5) Situação política atual e perspectivas da luta. Atualmente, os conflitos internos entre as diversas facções das classes dominantes reacionárias se acirram rapidamente e estão à beira de explodir em um conflito entre senhores da guerra. O Comitê Central emitiu duas circulares políticas(8) detalhando a conjuntura atual e as táticas correspondentes, cujas cópias seguem anexas. Assim, não nos deteremos nesse ponto aqui. Embora o cenário político ofereça uma oportunidade promissora para a expansão das operações, ainda há grande dificuldade para se alcançar um crescimento considerável, dada a fragilidade de suas forças no momento e a pouca solidez das organizações partidárias e de massa nas regiões ocidentais de Hunan e Hubei.
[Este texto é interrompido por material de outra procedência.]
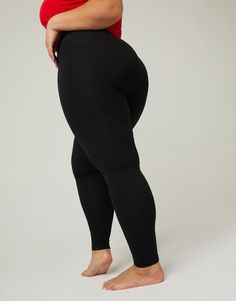 Curve Full-Length Leggings Plus Size Bottoms -2020AVE Plus Size Black Jeans, Casual Trendy Outfits, Black Leggings Outfit, Silk Sleepwear, Plus Size Black, Plus Size Leggings, Lace Up Sandals, Outfits With Leggings, High Waisted Leggings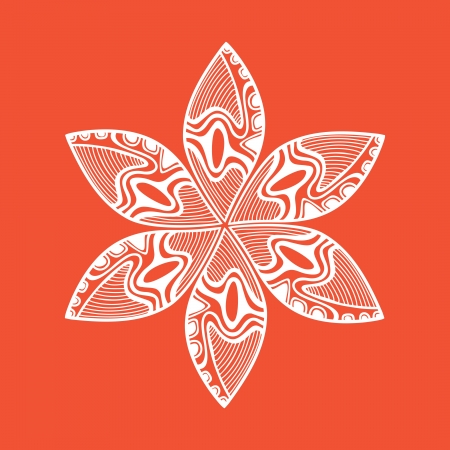 ornament, kaleidoscopic floral patternのイラスト素材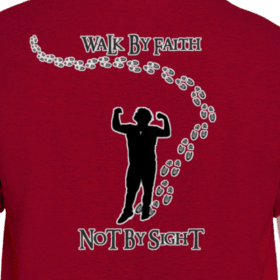 Red T-Shirt SM-XLG Walk by Faith item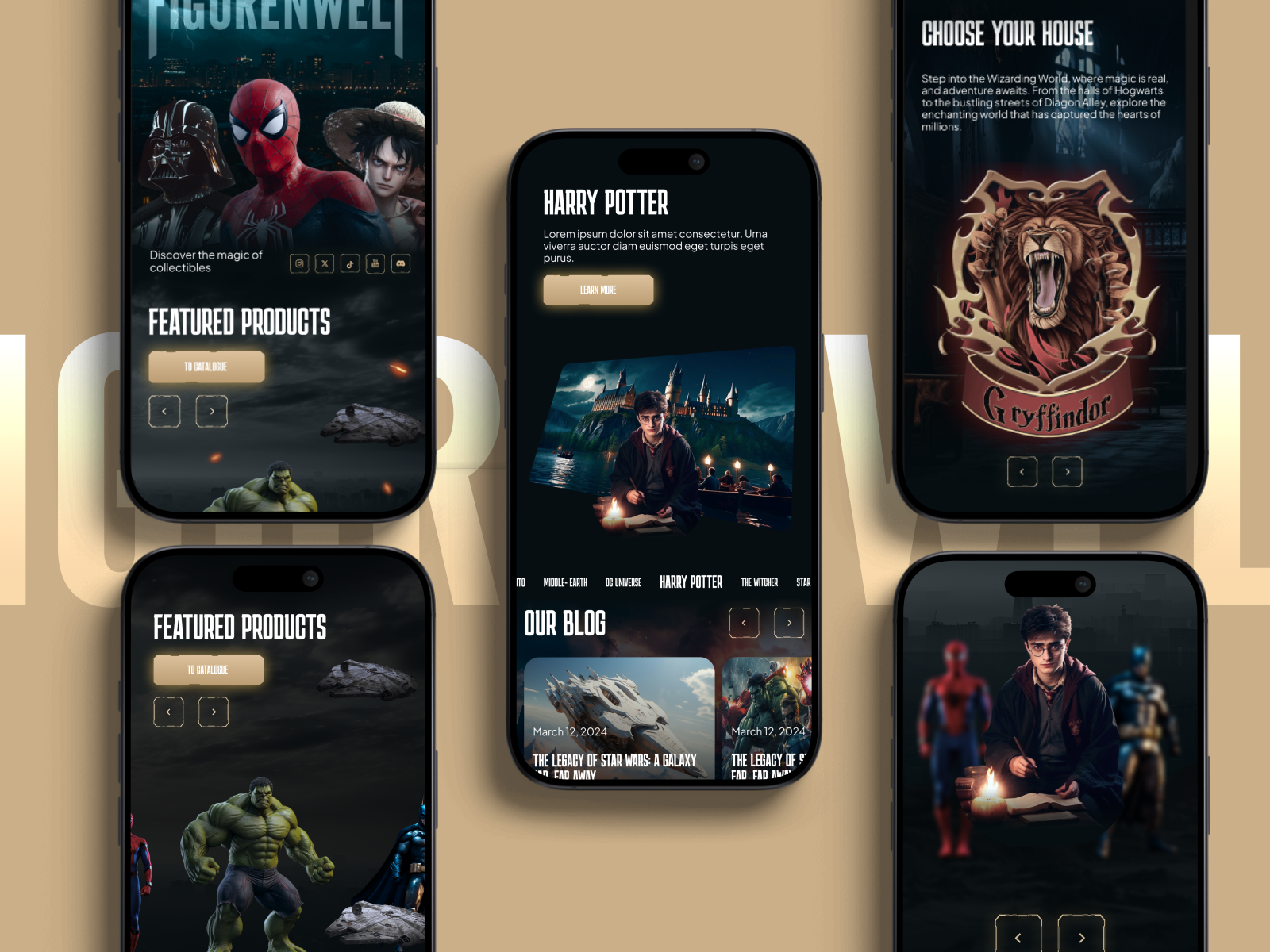 Figurenwelt: Where Fandom Meets Premium E-commerce 3d 3d animation 3d website animation art direction branding design system e commerce figma interaction design motion design product design responsive design shopify tech ui design ux design visual identity web design webflow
Em sua carta, os senhores mencionam o plano de estender a ação do Exército Vermelho até o curso inferior do rio, tendo como possíveis destinos Changde, no oeste de Hunan, ou Yichang, no oeste de Hubei. Tal plano é demasiado ambicioso e impraticável. Neste momento, a prioridade não deve ser a captura das grandes cidades, mas sim a mobilização das massas camponesas para aprofundar a revolução agrária. A tarefa principal, por ora, ainda consiste em ampliar as áreas de guerrilha e engajar parcelas cada vez maiores da população. Não se deve tentar o que está além de suas forças (é especialmente importante ter em mente a força das massas, e não apenas o poderio militar) ao buscar tomar cidades industriais e comerciais estratégicas.

6) Áreas de expansão. Como não temos plena clareza sobre as condições concretas nas regiões ocidentais de Hunan e Hubei, não podemos indicar com precisão em quais áreas os senhores devem conduzir suas operações. Em termos gerais, os locais mais favoráveis ao desenvolvimento da guerra de guerrilha são aqueles onde as contradições e as lutas de classe no campo se manifestam com maior intensidade, onde o Partido e as organizações de massa tenham uma base sólida, onde os suprimentos são abundantes e o terreno é acidentado. No entanto, como é raro que um único local reúna todos essas condições, é essencial que analisem cada caso à luz das circunstâncias concretas e selecionem as áreas que apresentem o maior número possível de fatores favoráveis.

7) Envio de pessoal militar. Considerando que os senhores dispõem de poucos quadros militares qualificados, há tempos planejamos enviar-lhes um contingente significativo de camaradas experientes no trabalho militar. Entretanto, devido às dificuldades de deslocamento e à constante mobilidade de suas forças, ainda não conseguimos concretizar esse envio. Naturalmente, assim que as circunstâncias permitirem, procederemos sem demora.